When the proton running resumes in 2012, the accelerator’s beam energy will continue at 3.5 TeV. CERN is on track to double the energy in 2015, with the luminosity expected to rise as well. For the CMS detector to keep up with this progress, upgrades are required. To develop plans for the detector upgrades, an international community of CMS physicists gathered earlier this month for their largest Fermilab workshop so far.
“The machine did better than anybody expected,” said Joel Butler, the operations programme manager for US CMS. “This is a wonderful thing, but it also provides a challenge for us to get ready.”
Higher beam energy and luminosity at the LHC translates to a higher intensity of particles bombarding the CMS detector components.

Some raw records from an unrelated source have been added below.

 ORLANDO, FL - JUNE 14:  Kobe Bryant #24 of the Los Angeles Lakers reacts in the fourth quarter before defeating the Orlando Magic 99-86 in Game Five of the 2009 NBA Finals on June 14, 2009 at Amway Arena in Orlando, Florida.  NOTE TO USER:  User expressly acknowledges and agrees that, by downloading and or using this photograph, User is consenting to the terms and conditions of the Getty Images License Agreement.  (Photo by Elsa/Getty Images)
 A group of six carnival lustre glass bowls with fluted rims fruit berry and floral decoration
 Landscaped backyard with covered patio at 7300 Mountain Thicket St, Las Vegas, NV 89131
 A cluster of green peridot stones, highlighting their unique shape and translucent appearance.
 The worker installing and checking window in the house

The accumulation of exposure to the particles results in a loss of efficiency for the inner-most detector instruments. This new level of scientific analysis is pushing the design limits of the current detector. Butting up against those limits puts pressure on scientists today to envision the physics for years to come and to invent the technology needed to get there.

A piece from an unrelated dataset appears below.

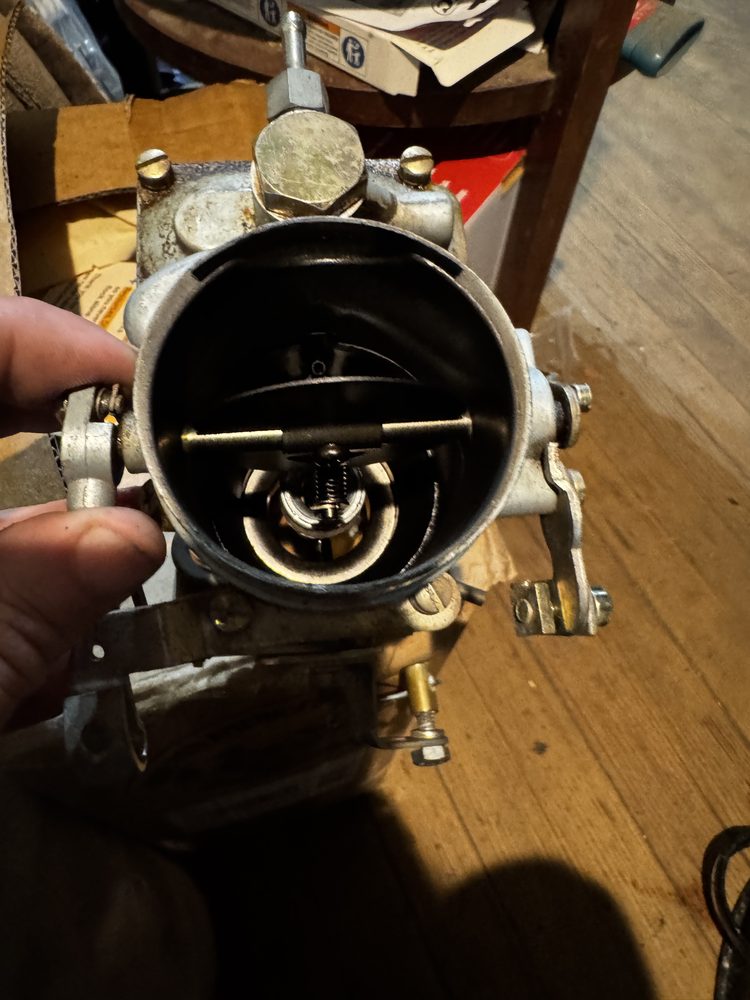 Air horn bore with choke plate held open revealing primary venturi 50 and main discharge nozzle 51
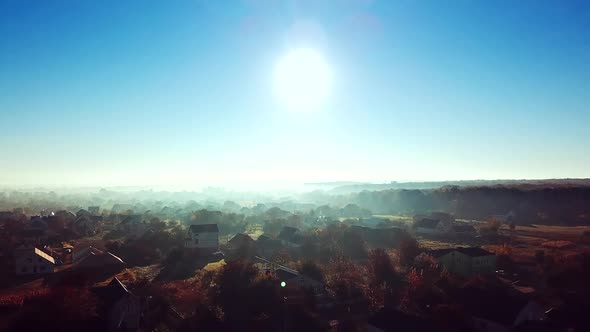 Aerial top view of the small houses at sunrise. Rural landscape of house roofs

“Part of the problem is we don’t know what physics is going to be the most interesting at that time,” said Harry Cheung, a Fermilab physicist and one of the workshop organisers.
Another challenge is to simultaneously seed the future while harvesting the present, said Rick Cavanaugh, an assistant professor of physics at the University of Illinois at Chicago and a CMS physicist collaborating on the upgrades. “We are probing nature to the smallest fundamental scales ever probed by mankind. This is a huge time for science,” Cavanaugh said.

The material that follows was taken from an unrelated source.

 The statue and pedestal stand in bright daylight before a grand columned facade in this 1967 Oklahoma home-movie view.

Building on the excitement and knowledge gained by analysing the current high quality CMS datasets, the interest in upgrading detector components to cope with much higher beam intensities is now growing to fever pitch. Reflecting this, the CMS workshop had an excellent turnout, with about 155 attendees filling the meeting rooms and occasionally spilling into the outside corridor.
One proposed upgrade under discussion for the CMS detector was a new Pixel detector – best described as a highly-sensitive digital camera capturing the collisions, but able to capture 40 million photos per second. The Pixel detector is one of the components closest to the beam pipe that receives the greatest bombardment of particles from the proton-proton collisions and will be replaced in the first phase of upgrades.
The CMS scientists plan to begin the first phase of upgrades in 2015. A second phase will begin in 2020, with upgrades installed around 2022 and designed to last until 2030 – a long way off for this type of rapidly-evolving science.
“If you don’t plan for the future now, by the time the future comes it’s too late,” Cavanaugh said. “It takes many years to design, develop and commission these very sophisticated detectors.”